Content starts
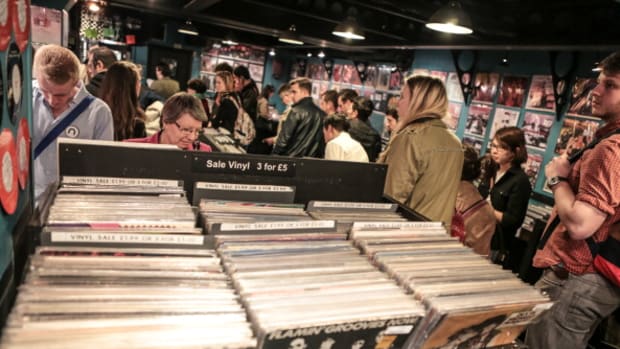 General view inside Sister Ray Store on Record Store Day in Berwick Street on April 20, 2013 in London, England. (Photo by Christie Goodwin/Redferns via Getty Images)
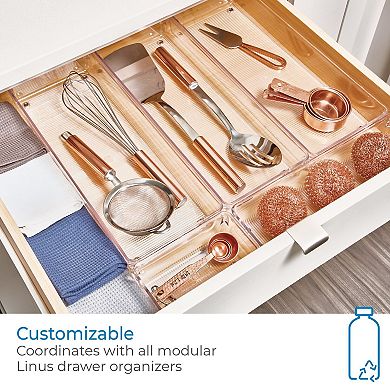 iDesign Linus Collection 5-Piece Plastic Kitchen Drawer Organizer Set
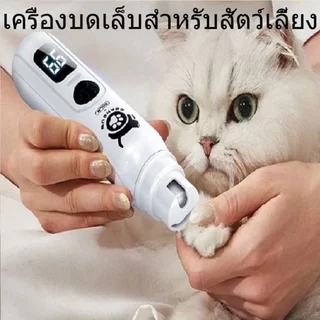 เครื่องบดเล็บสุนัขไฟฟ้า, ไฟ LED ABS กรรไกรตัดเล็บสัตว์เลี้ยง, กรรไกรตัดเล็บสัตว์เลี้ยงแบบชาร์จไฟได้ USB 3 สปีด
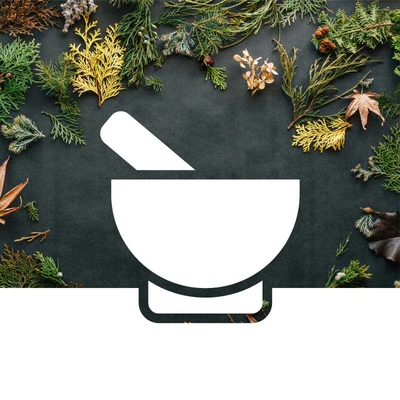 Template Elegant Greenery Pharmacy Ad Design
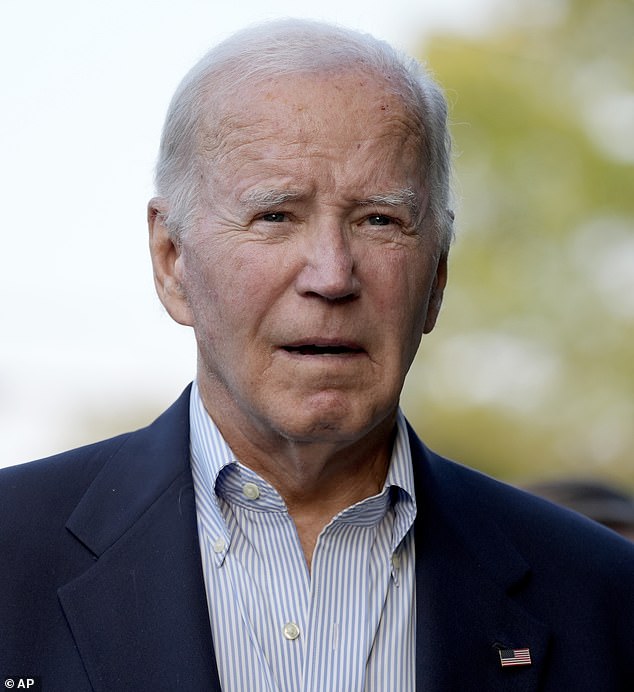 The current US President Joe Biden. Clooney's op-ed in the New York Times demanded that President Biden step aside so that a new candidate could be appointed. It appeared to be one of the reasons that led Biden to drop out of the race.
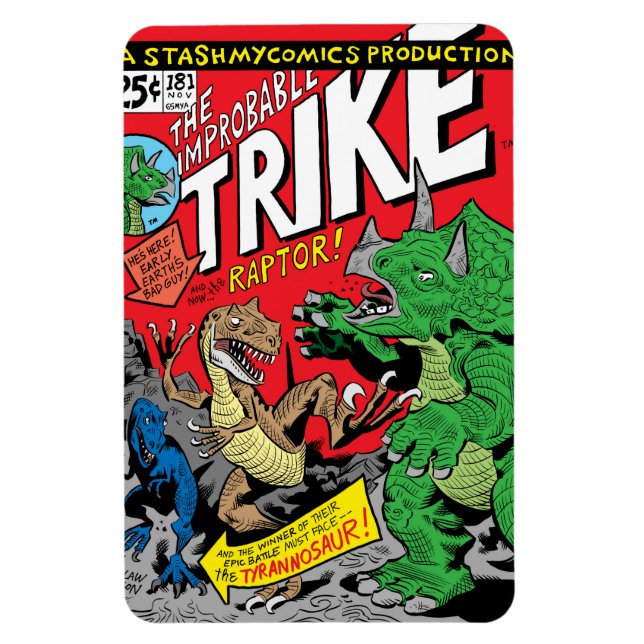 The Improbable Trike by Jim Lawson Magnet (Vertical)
Content ends
■ Task to complete
The pictures stay out; please reproduce everything else in the entries exactly.

■ Solution
 General view inside Sister Ray Store on Record Store Day in Berwick Street on April 20, 2013 in London, England. (Photo by Christie Goodwin/Redferns via Getty Images)
 iDesign Linus Collection 5-Piece Plastic Kitchen Drawer Organizer Set
 เครื่องบดเล็บสุนัขไฟฟ้า, ไฟ LED ABS กรรไกรตัดเล็บสัตว์เลี้ยง, กรรไกรตัดเล็บสัตว์เลี้ยงแบบชาร์จไฟได้ USB 3 สปีด
 Template Elegant Greenery Pharmacy Ad Design
 The current US President Joe Biden. Clooney's op-ed in the New York Times demanded that President Biden step aside so that a new candidate could be appointed. It appeared to be one of the reasons that led Biden to drop out of the race.
 The Improbable Trike by Jim Lawson Magnet (Vertical)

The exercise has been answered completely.